▶ WHAT THIS TASK INVOLVES
The result should be an exact copy of the data, free of pictures.

▶ DATA BELOW
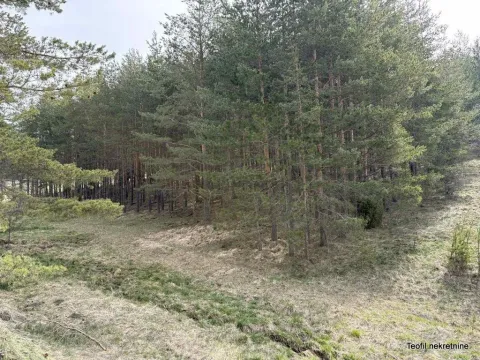 Prodaja, plac, 6600m², Zlatibor, Srbija - image 6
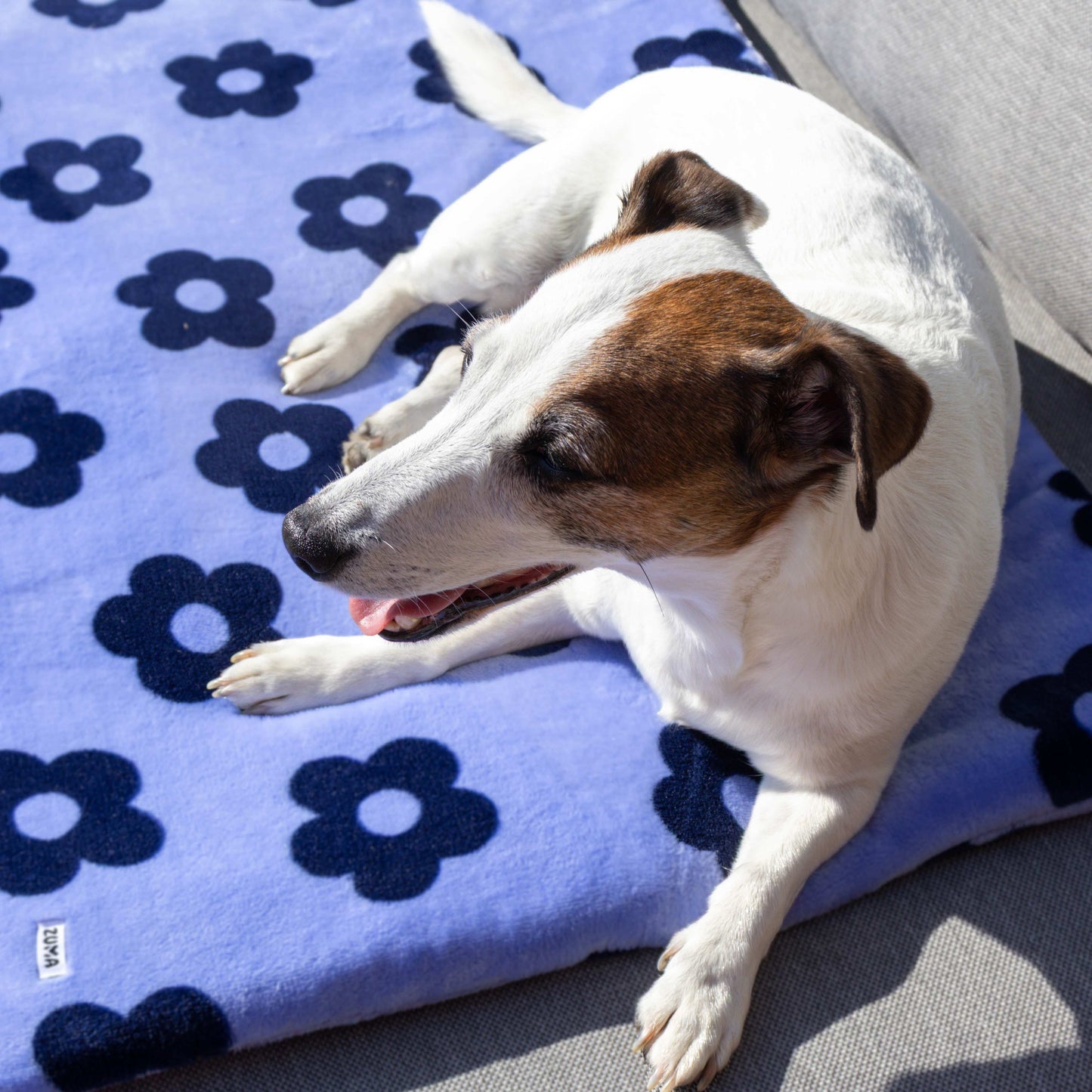 Hondenmat - Zuma - Hondendeken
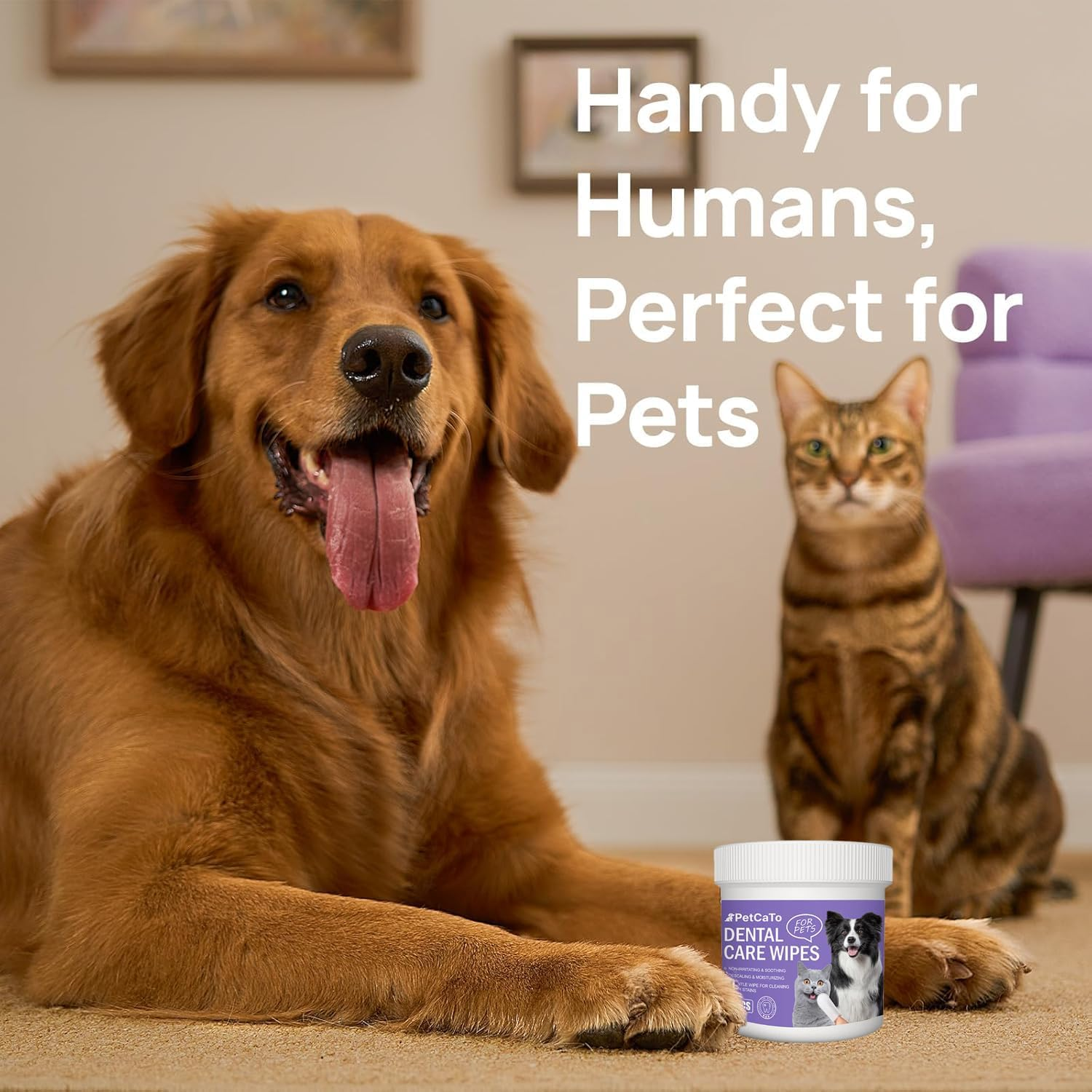 Mumoo Bear Mumoo Bear Dog Dental Care Finger Wipes - Teeth Cleaning Finger Wipes for Dog & Cats - Tooth Brushing Kit Dental Wipes for Dog - Reduces Plaque & Freshens Breath (50 PCS, Unscented)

▶ EXERCISE RESULT
 Prodaja, plac, 6600m², Zlatibor, Srbija - image 6
 Hondenmat - Zuma - Hondendeken
 Mumoo Bear Mumoo Bear Dog Dental Care Finger Wipes - Teeth Cleaning Finger Wipes for Dog & Cats - Tooth Brushing Kit Dental Wipes for Dog - Reduces Plaque & Freshens Breath (50 PCS, Unscented)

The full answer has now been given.